Tuesday, December 31, 2013

Knight aces shootout, U.S. nips Canada 3-2

Close hockey game in St. Paul

Hilary Knight Photo by Willy Cook

     The U.S. Women’s National hockey team defeated Canada 3-2 in a shootout Saturday afternoon at the Xcel Energy Center at St. Paul, Minn. with Sun Valley’s Hilary Knight scoring the decisive shootout goal.

      Knight, 24, scored the decisive shootout goal and added a pair of assists to pace the Americans offensively.

     U.S. goaltender Jessie Vetter, 28, of Cottage Grove, Wisc. made 37 saves and turned aside all three Canadian shootout attempts for the victory.

     It was the third straight U.S. women’s hockey win over Canada in six meetings during this fall’s “Bring on the World Tour” run-up to the 2014 Winter Olympic Games at Sochi, Russia.

     And University of Wisconsin all-time scoring star Knight has played a big role in each of the three wins.

     Earlier this fall, Canada had beaten the U.S. 3-2, 6-3 and 4-2. But the U.S. bounced back with a 5-1 victory Dec. 12 at Calgary, Alberta, Canada and added a 4-1 fight-filled triumph Dec. 20 at Grand Forks, N.D.

     Commenting after Saturday’s tight win in front of 9,012 fans at St. Paul, U.S. Olympic women’s ice hockey head coach Katey Stone said, “We didn’t have the same intensity as before the (holiday) break but we started getting our legs back and found a way to win. Fortunately, Jessie was a rock back there and she settled things down when we really needed it.”

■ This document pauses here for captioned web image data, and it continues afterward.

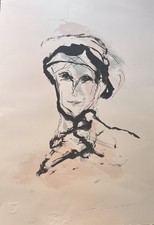 GRANDE LITOGRAFIA FIRMATA DI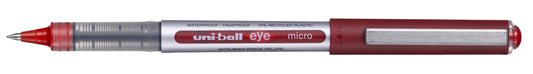 Rollerpen Uni-ball Eye Eco 150E F Rood, Permanente Inkt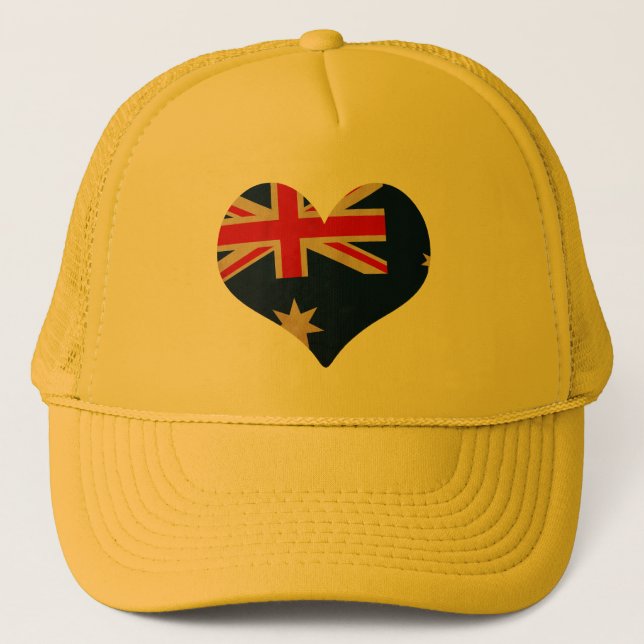 Boné Coração da Austrália (Frente)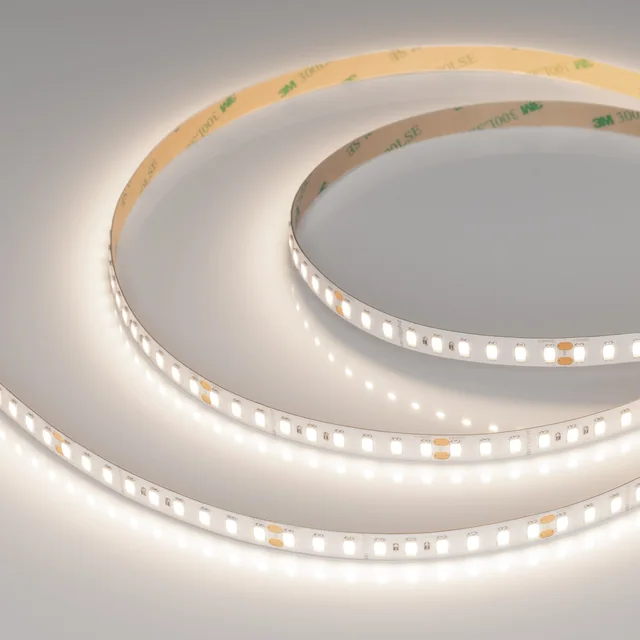 Лента ULTRA-C126-10mm 24V Day4000 (14.4 W/m, IP20, 5630, 5m) (Arlight, высок.эфф.200 лм/Вт), артикул 040220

     Kelli Stack, 25, of Brooklyn Heights, Ohio opened the scoring for Team USA at the 13:54 of the first period when Knight’s wrap-around attempt was stopped by Canadian goaltender Charline Labonte. The rebound came to Stack who was left alone in the slot with an open net.

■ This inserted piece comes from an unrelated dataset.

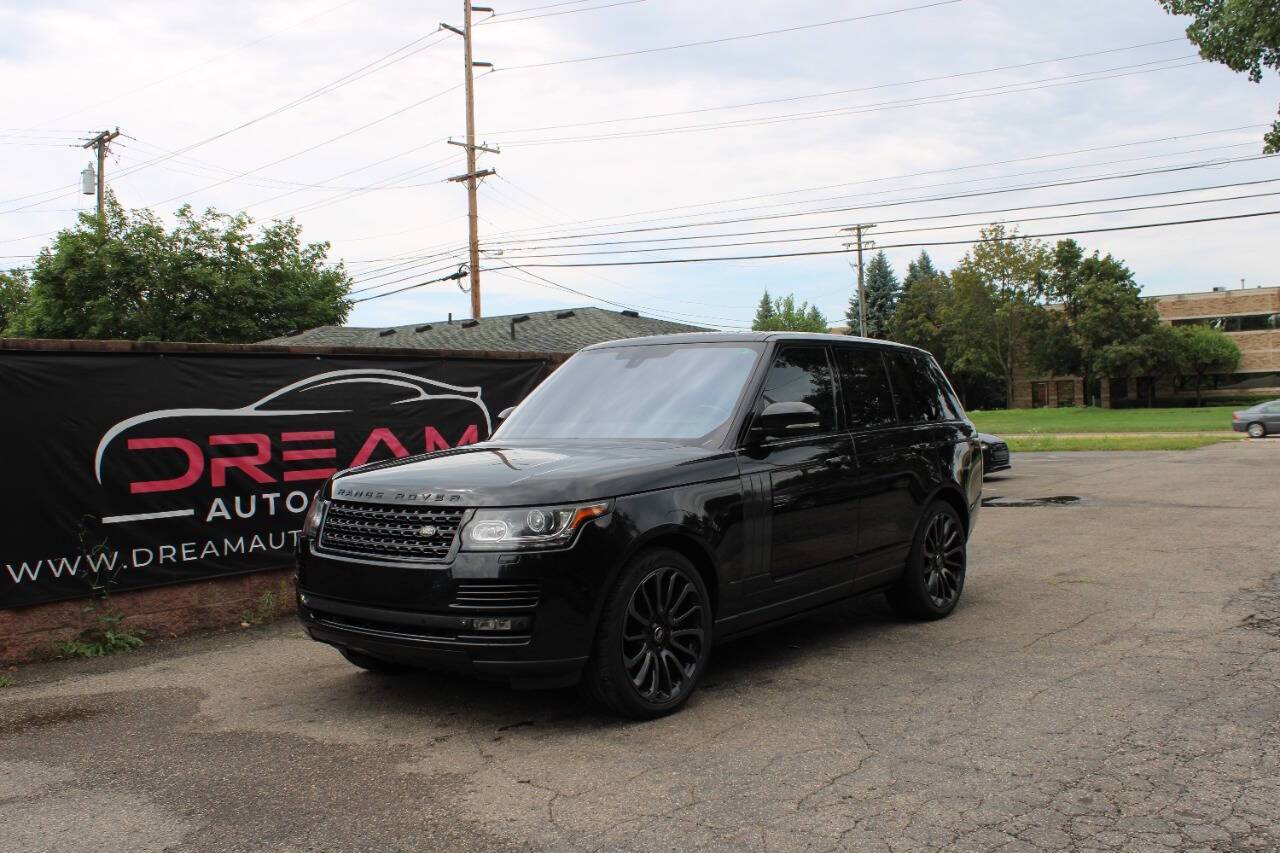 2014 Land Rover Range Rover Supercharged — SUV — 147,004 mi — Shelby Township, MI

     With nine seconds remaining in the second period, 19-year-old Alex Carpenter of North Reading, Mass. fought off a defender and picked up a rebound to score a power play goal and make it 2-0.

     Canada tied the score, 2-2, with a pair of goals in the third period but after a scoreless overtime, the U.S. prevailed in the shootout with Boston Blades pro star Knight scoring the lone tally. Knight had spent the Christmas holiday with her family in Maine.

     The win was Team USA’s third consecutive victory over Canada, knotting the rivals’ head-to-head pre-Olympic tour record at three wins apiece. The two teams faced each other at the Air Canada Centre in Toronto, Ontario, Canada Monday, Dec. 30 for the final meeting between the teams before the 2014 Olympic Winter Games.

     After Monday’s rubber game of the seven-game pre-Olympic series, the U.S. national team heads to Ann Arbor, Mich.

     There, the 2014 Olympic women’s team of 18 skaters and three goalies will be announced Wednesday, Jan. 1 during the second intermission of the 2014 Bridgestone NHL Winter Classic contest between the Toronto Maple Leafs and Detroit Red Wings at Michigan Stadium. The game begins at 11 a.m. Mountain Standard Time.

     Wednesday’s Winter Classic, to be played before a sold-out crowd of over 100,000 fans, will aim to set the Guinness World Record for highest attendance at a hockey game. The previous record of 104,073 was set at Michigan Stadium during a college hockey game between Michigan and Michigan State in 2010.

     After the Olympic team is named, the final month of preparation will feature the Americans skating in a number of scrimmages against Midget teams from around the Boston area. The U.S. national team has trained this fall at The Edge Sports Center in Bedford, Mass. outside Boston.

     Knight has said that the strategy of playing against young high-school aged men has given the U.S. women a chance to experience more skating speed than they are accustomed to. She said the women enjoy pushing the pace and pushing the envelope in playing against the male players.

     Canada, seeking its fourth consecutive Olympic gold in women’s hockey, named its 21-player Olympic roster on Dec. 23 at Calgary. Although Canada’s new Olympic team has less experience than its two previous editions, it includes 12 players who helped beat the U.S. women 2-0 in the 2010 gold medal game at Vancouver, B.C., Canada.

     Women’s hockey debuted at the Olympics in 1998 with the U.S. winning the inaugural gold, then Canada taking the next three Olympic titles.

     The XXII Olympic Games women’s hockey tournament scheduled for Feb. 8-17 at the Bolshoy Ice Dome of Shayba Arena in Sochi, Russia features eight teams in two pools.

     The U.S. is grouped with Canada, Finland and Switzerland in Group A. Opening-round games for the U.S. are Feb. 8 against Finland, Feb. 10 against Switzerland and Feb. 12 against Canada. The four-team Group B includes Great Britain, Germany, Japan and Russia.